No podemos continuar haciendo discursos como “expertos” del movimiento. Es necesario que ocurra algo que documente que hemos comprendido. Lo que nos salva verdaderamente de caer continuamente en una mera repetición de las palabras es la verificación de lo que ha sucedido después de Roma. En este sentido don Giussani constituye una ayuda absolutamente excepcional. Nos dice: amigo, has comprendido verdaderamente si en tu vida se ha introducido un criterio nuevo. Como cuando uno se enamora: se sorprende utilizando el tiempo libre, el dinero, todo, de forma distinta, porque se ha introducido algo nuevo; algo que está o no está. Esta es la señal de que hemos comprendido. Por el contrario, «“si uno no tiene el Espíritu de Cristo no es de los suyos”; por tanto es un extraño, un incapaz de descubrir su hechura íntima, su naturaleza secreta, alguien que no puede familiarizarse con Su misterio» (p. 75-76).
Así vemos como el gesto de Roma se ve iluminado por la Escuela de comunidad sobre el don del Espíritu –¡pensad cómo nos acompaña don Giussani!–. Si estamos con toda nuestra persona ante lo que sucede, nos damos cuenta de la gracia que se nos ha dado en Roma: la permanencia del carisma de don Giussani, que continúa a través de los textos y de las personas indicadas como puntos de referencia. La prueba de que el carisma permanece está en lo que ha dicho el Papa: lo que hirió a don Giussani ha herido también a sus hijos espirituales, es decir, a nosotros.

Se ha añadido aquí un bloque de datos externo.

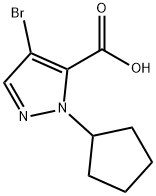 4-Bromo-1-cyclopentyl-1H-pyrazole-5-carboxylic acid Structure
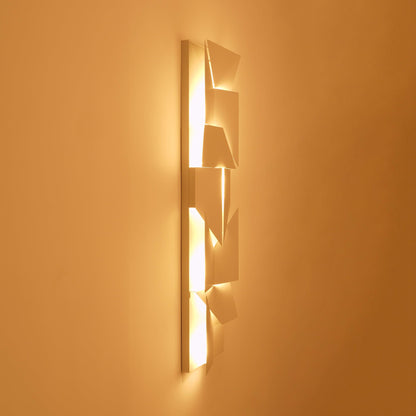 LED Diffused Aluminum Wall Sconce Matte White Modern NALANI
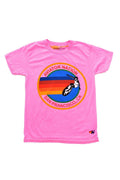 Classic KIDS AVIATOR NATION SAN FRANCISCO CREW TEE - NEON PINK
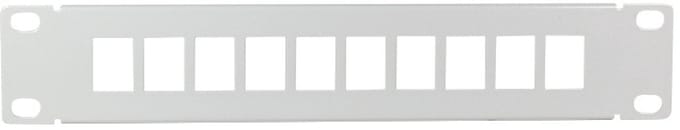 10'' Patch Panel voor 10 Keystone modules / grijs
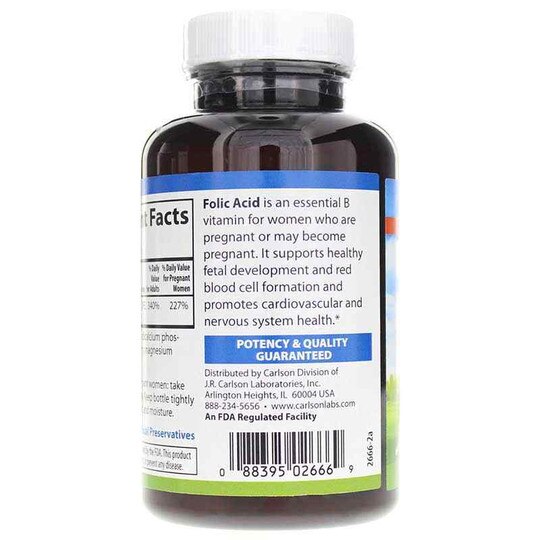 Folic Acid 800 Mcg, 1,000 Veg Tablets, CL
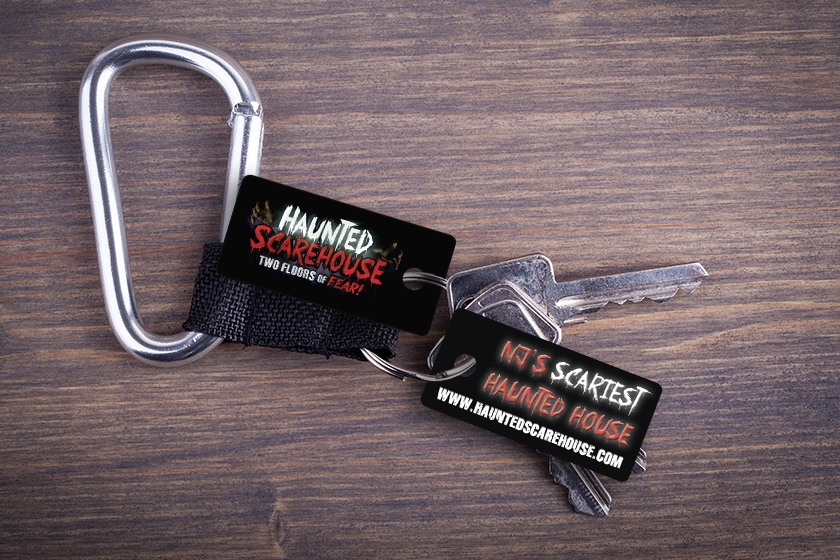 Haunted Scarehouse Key Tags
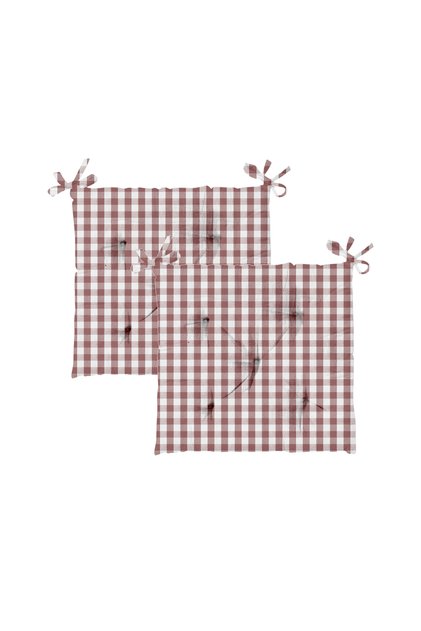 Chair Pad, 40 x 40 cm, 2 pcs, Pink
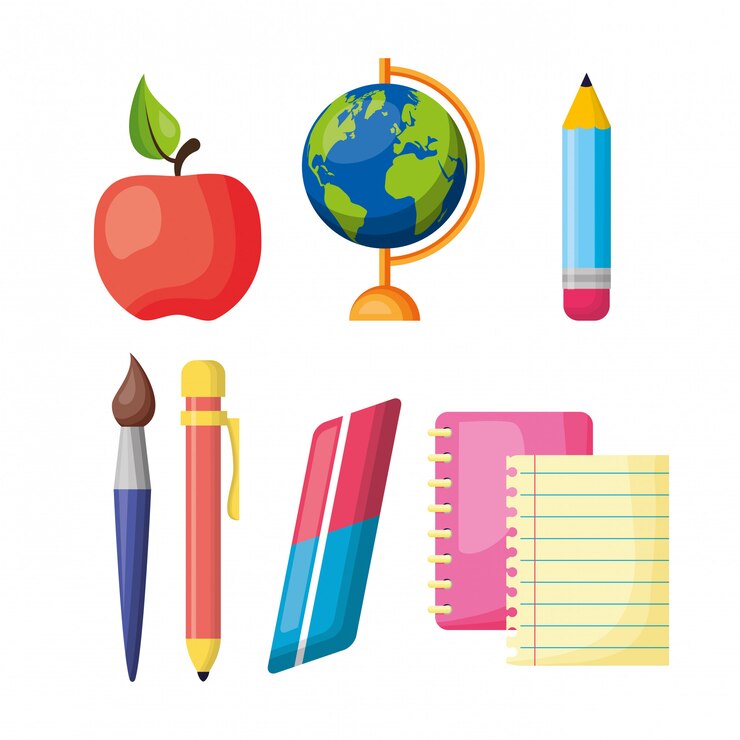 Free Vector back to school element collection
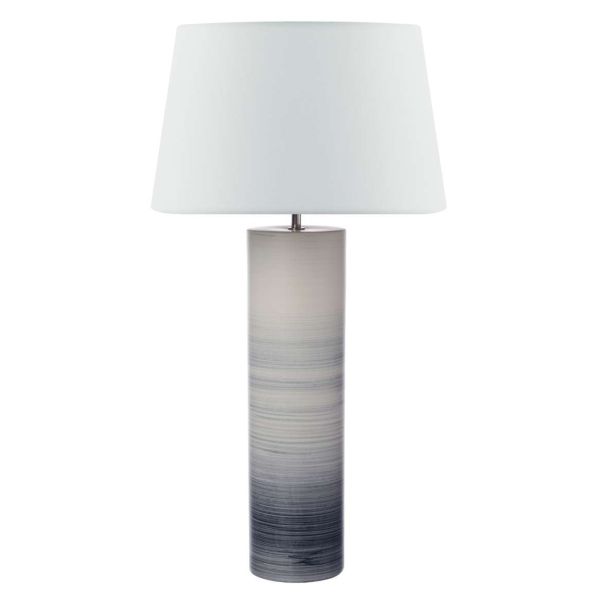 Lampa stołowa Dar Lighting NAZ4221 + CEZ162 Cezanne Nazare Table Lamp Black-White Ceramic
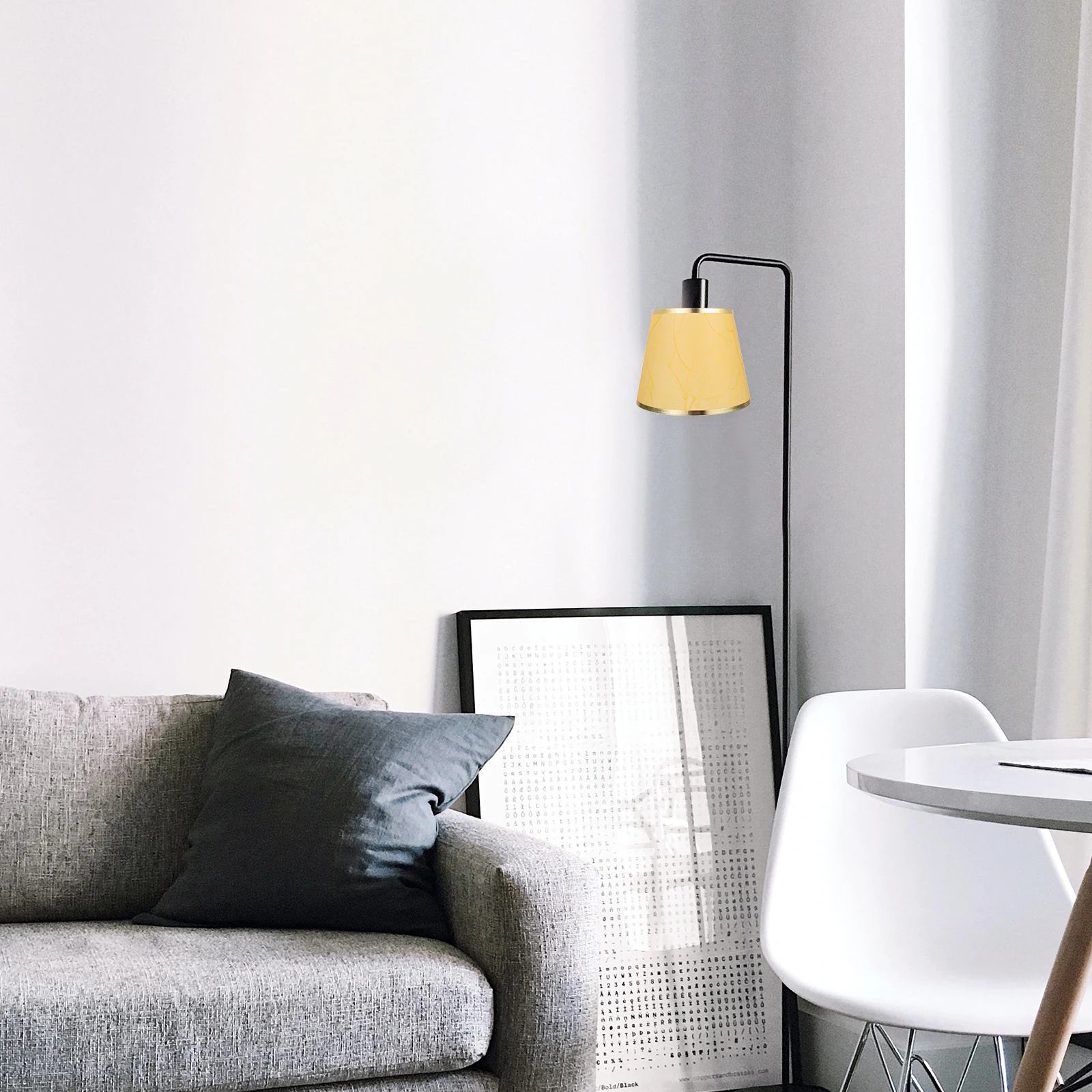 Chic Lampshade Shade Delicate Cloth Iron Material Dustproof Table Light Shade Gentle Light Effect Home Office Decor
Chic Lampshade Shade Delicate Cloth Iron Material Dustproof Table Light Shade Gentle Light Effect Home Office Decor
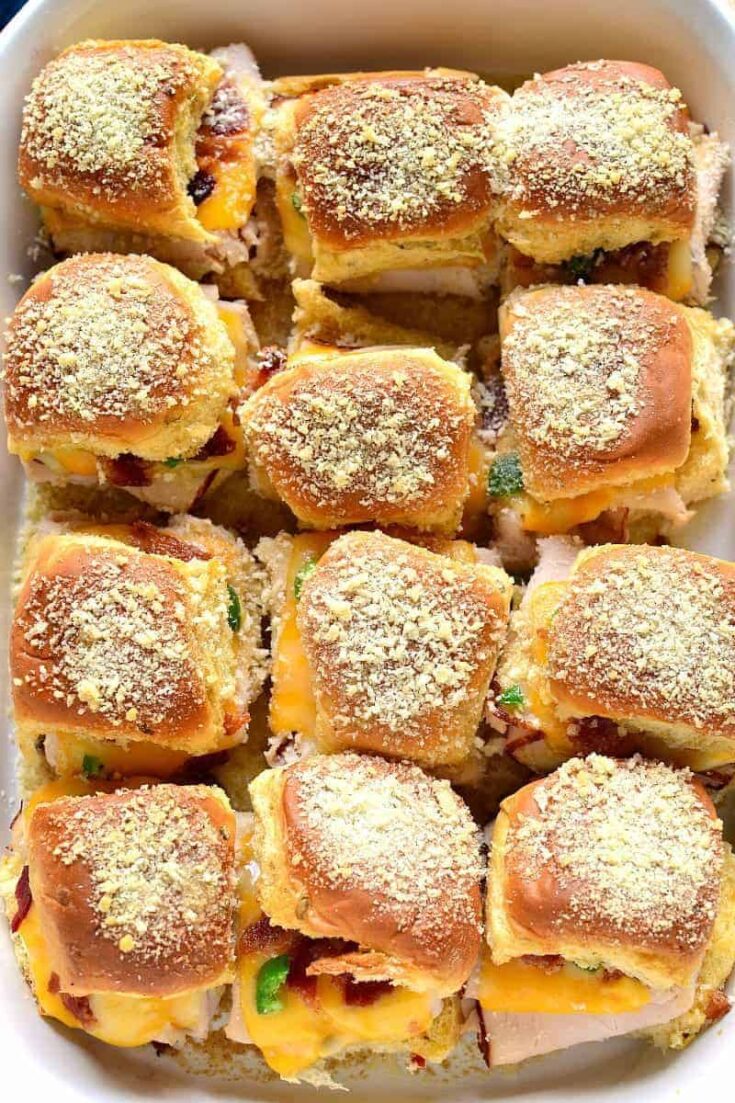 Jalapeño Popper Baked Turkey Sandwiches Lemon Tree Dwelling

¡Ojalá nos demos cuenta de ello! Es lo más asombroso, porque es la compañía concreta que Cristo hace a nuestra impotencia. Por tanto, como recordaba antes, «con el advenimiento de este don la soledad humana se disipa. La experiencia humana ya no es una impotencia desoladora». Es más, «la existencia se llena de una inmensa certidumbre», justamente porque en Roma se ha hecho presente Otro de forma espectacular, una Presencia que obra entre nosotros, sin la cual ese gesto no se habría producido, no se explicaría. Y no se explica, de hecho, por la eficaz organización de CL. Pensad en cada uno de vosotros, cada uno con su historia, pensad en cómo habéis sido todos tocados por un hecho que os ha impactado, que no es mecánico. Una Presencia que actúa se ha manifestado de forma patente. «La fuerza del hombre reside en Otro, su certidumbre radica en Otro». Por eso «la existencia humana es una amistad inagotable y omnipotente» (p. 78).
Esto es solo el comienzo –como la punta del iceberg– de lo que estamos empezando a comprender a cerca de lo que hemos visto: sólo el hecho de empezar a ver introduce ya un criterio nuevo. Cuanto más lo comprendamos más cierto, y por tanto luminoso, seguro y fuerte se volverá. Este es el camino que tenemos por delante, amigos.